• _DATA TO USE_:
_ _ _

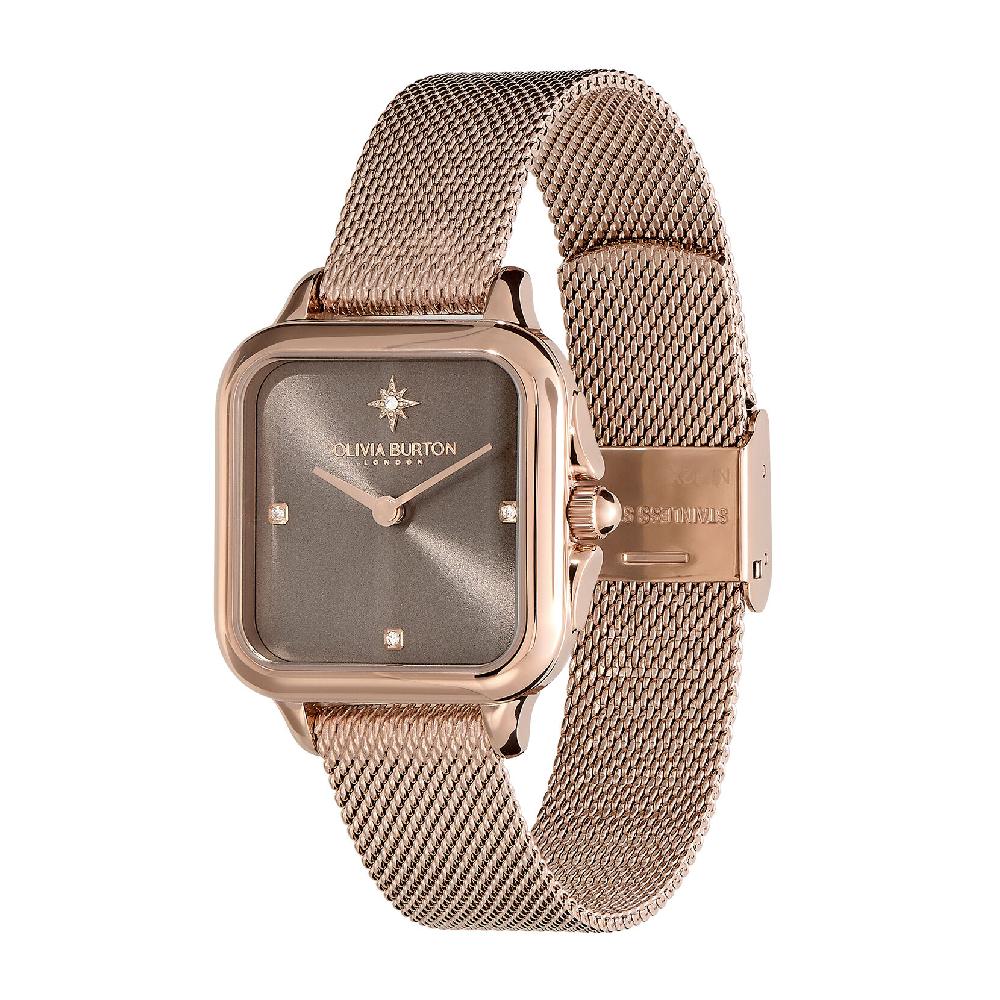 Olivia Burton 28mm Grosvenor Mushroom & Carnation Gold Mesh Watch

_ _ _

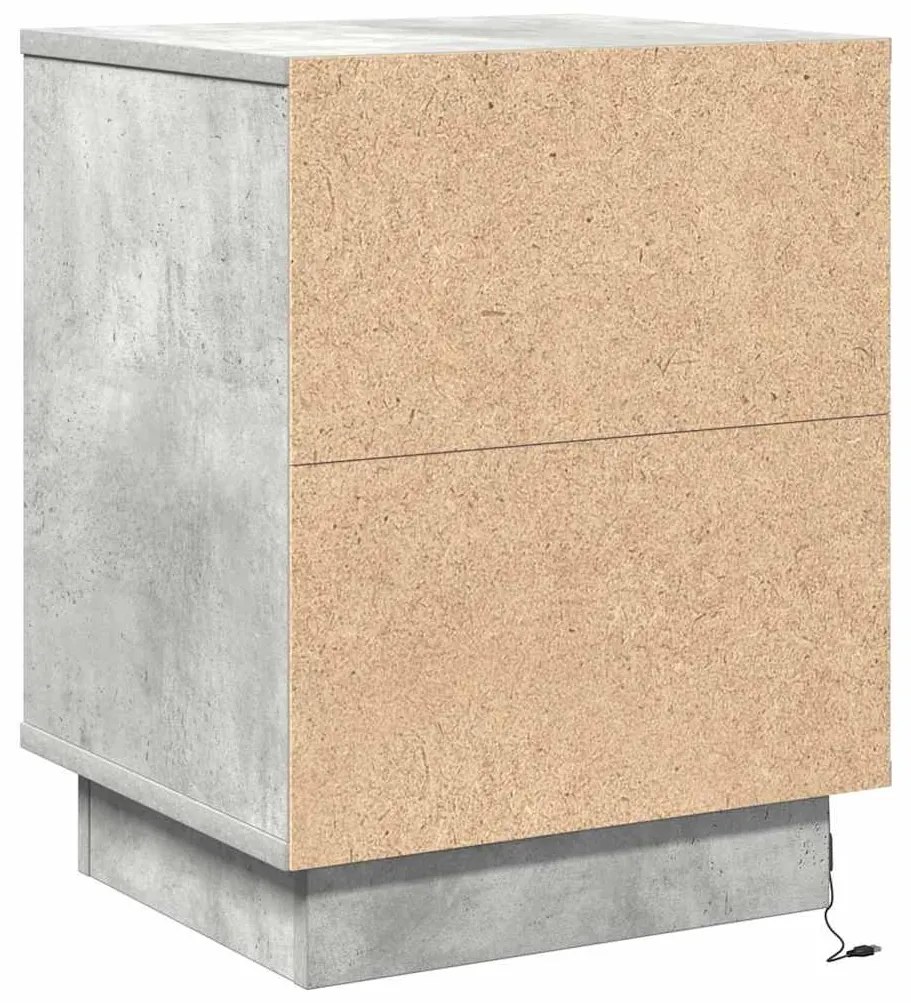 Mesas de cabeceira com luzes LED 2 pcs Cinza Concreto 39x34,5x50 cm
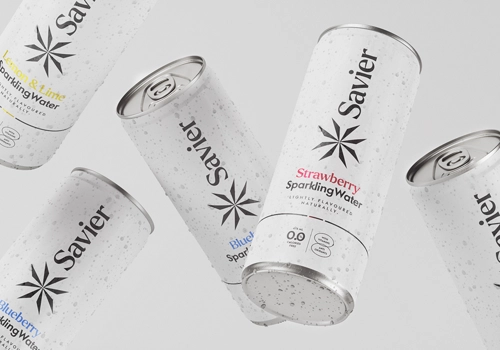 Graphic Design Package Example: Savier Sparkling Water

_ _ _

• _ACTION ITEM_:
An exact transcription is needed of the lines from the one with "Mesas de cabeceira" to the one with "Graphic Design Package" above, both ends included, with pictures left out.

• _RESULT OF THIS TASK_:
 Mesas de cabeceira com luzes LED 2 pcs Cinza Concreto 39x34,5x50 cm
 Graphic Design Package Example: Savier Sparkling Water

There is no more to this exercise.